Biliary atresia is the most common indication for LT, and of children transplanted at <1 year of age, studied by McDiarmid et al[1], 65.6% had biliary atresia. In intrahepatic cholestatic diseases, LT is indicated to eliminate severely debilitating symptoms like pruritus. Children affected by these diseases are at high risk of development of liver malignancies [3,25]. Metabolic diseases are the second most common indication for LT with many causing structural damage, fibrosis and cirrhosis. Good outcomes have been achieved in urea cycle disorders, especially ornithine transcarbamoylase deficiency [26,27]. LT in IEMs requires careful perioperative management and some disorders require long-term dietary restriction, medical management, and monitoring of metabolites [27,28] Better results for these complex disorders can be achieved with disease and patient-specific strategies using a multidisciplinary approach towards primary disease management with the aim of optimum growth and neurological development. Although quality of life is improved, patients remain at risk of severe extrahepatic disease complications [28]. In primary oxaluria, consideration of LT before end-stage renal disease restores enzyme activity and decreases ongoing oxalate synthesis [29] and combined liver-kidney transplantation is preferred over isolated renal transplant. The etiology of acute liver failure (ALF) remains elusive in almost half of affected children. Inherited mitochondrial and fatty acid oxidation disorders are some of the etiological factors in patients with idiopathic ALF and impaired energy metabolism [30,31]. However, these disorders involve multiple systems and careful selection of patients is important considering long term risks versus benefits. In neonatal hemochromatosis, LT is effective for reducing hepatic iron load but metabolic defect remains [32]. Liver cirrhosis with severe portal hypertension develops in about 25% of patients affected by cystic fibrosis, hence LT should be considered before the development of end-stage liver failure while pulmonary function is still preserved [33].

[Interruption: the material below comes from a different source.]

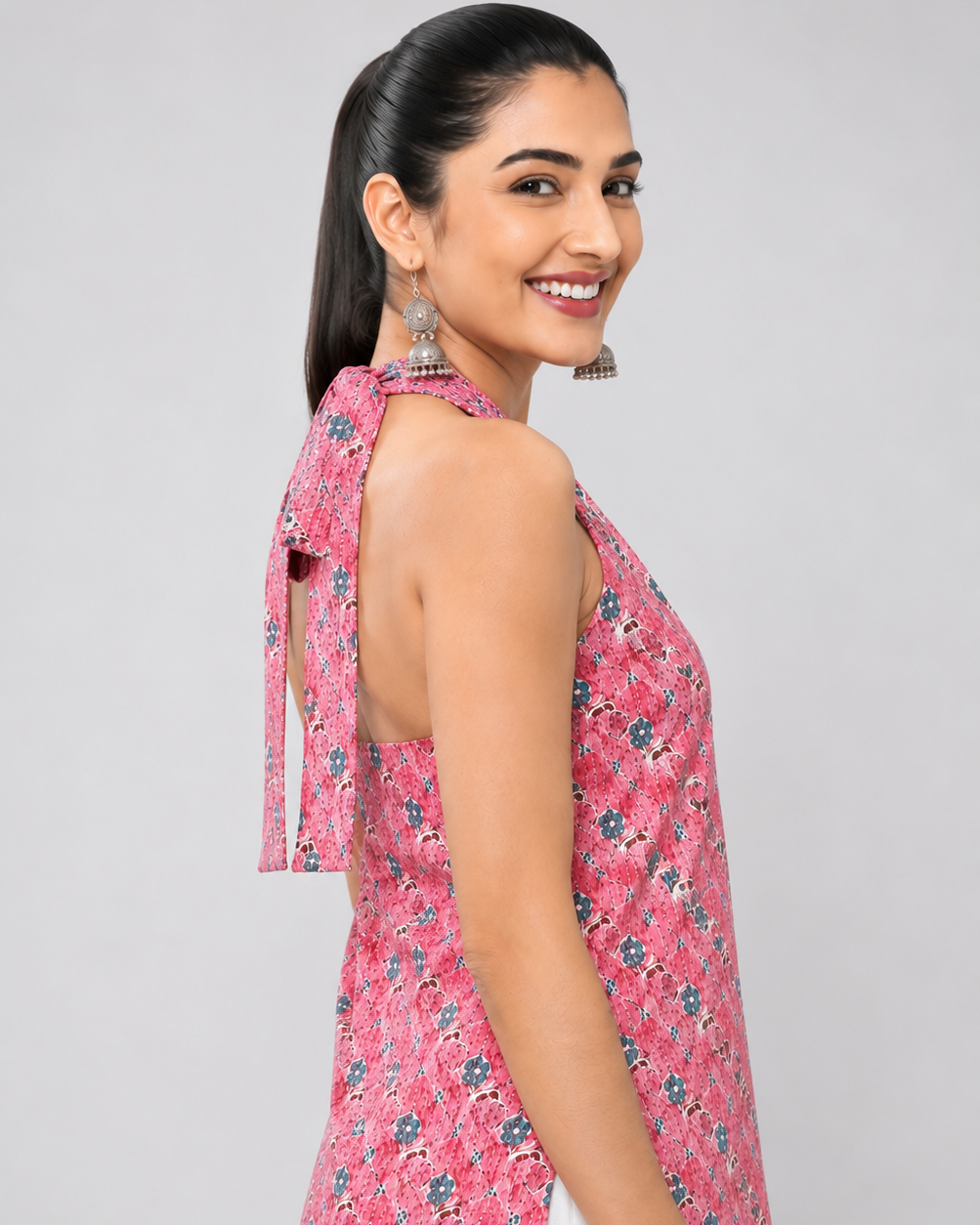 A woman modeling a sleeveless pink floral printed top with a tie-neck detail, shown from a side-back angle against a light gray studio background.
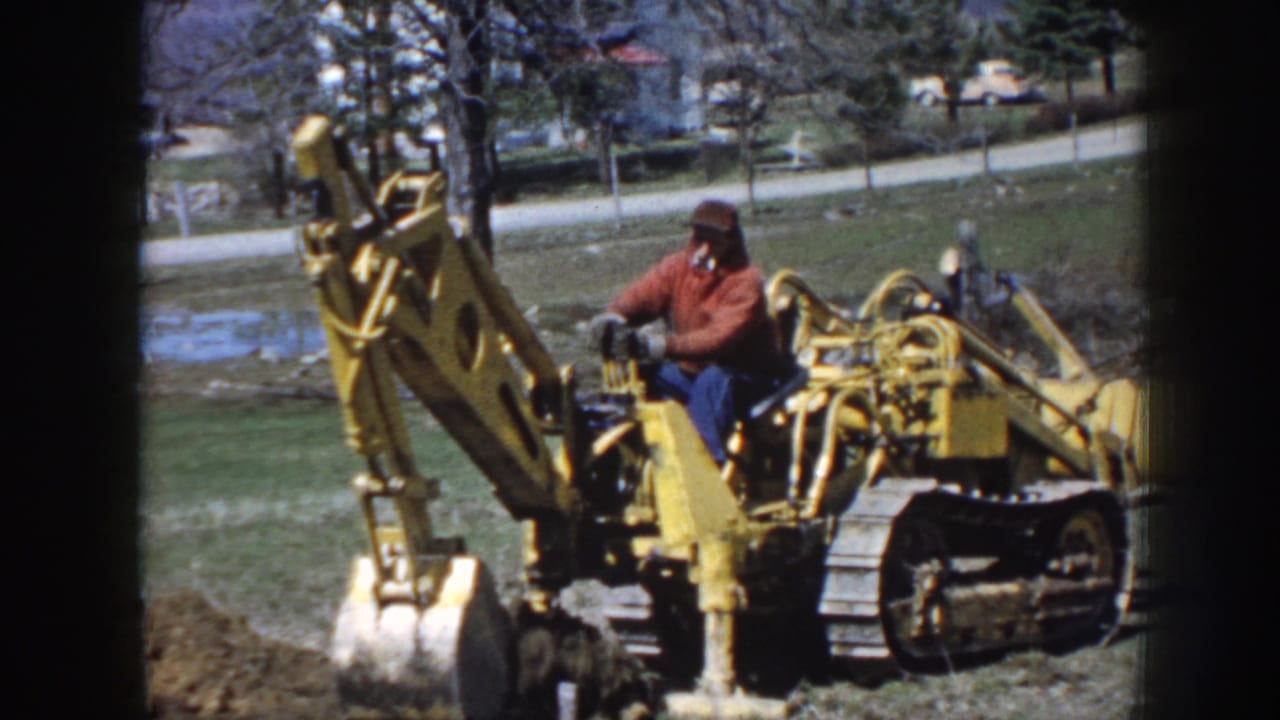 1958 Nebraska home-movie frame with a man seated on a yellow tracked digger as its bucket works near exposed earth.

Good outcome in children has been achieved with use of living donor [4].The use of split livers from deceased donors and partial grafts from living donors [34,35] as well as heterozygote parent [36] has yielded encouraging results in terms of graft viability. The use of living donation in pediatric transplantation is shown to be associated with good results in the child, as well as being generally safe for the donor [37].In India, there are hardly any deceased donors used for transplanting children. This is due to scarce awareness amongst pediatric intensivists about organ donation in brain dead children and also not splitting adult deceased donor livers which could potentially benefit an adult and a child.
LCT has shown moderate and transient benefit in animal models as well as few clinical settings, but more studies are needed further. It has been shown to be especially useful in metabolic diseases as a bridge to transplantation [38,39].